▶ Required action: In the entries below, every line that contains "with" must be located and copied.

====== The data

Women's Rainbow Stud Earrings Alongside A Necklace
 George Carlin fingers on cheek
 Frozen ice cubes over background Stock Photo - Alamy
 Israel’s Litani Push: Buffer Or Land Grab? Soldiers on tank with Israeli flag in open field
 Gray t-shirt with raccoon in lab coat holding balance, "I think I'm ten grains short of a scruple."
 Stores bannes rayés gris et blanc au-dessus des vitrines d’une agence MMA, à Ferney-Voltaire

============

▶ Response below:
 Israel’s Litani Push: Buffer Or Land Grab? Soldiers on tank with Israeli flag in open field
 Gray t-shirt with raccoon in lab coat holding balance, "I think I'm ten grains short of a scruple."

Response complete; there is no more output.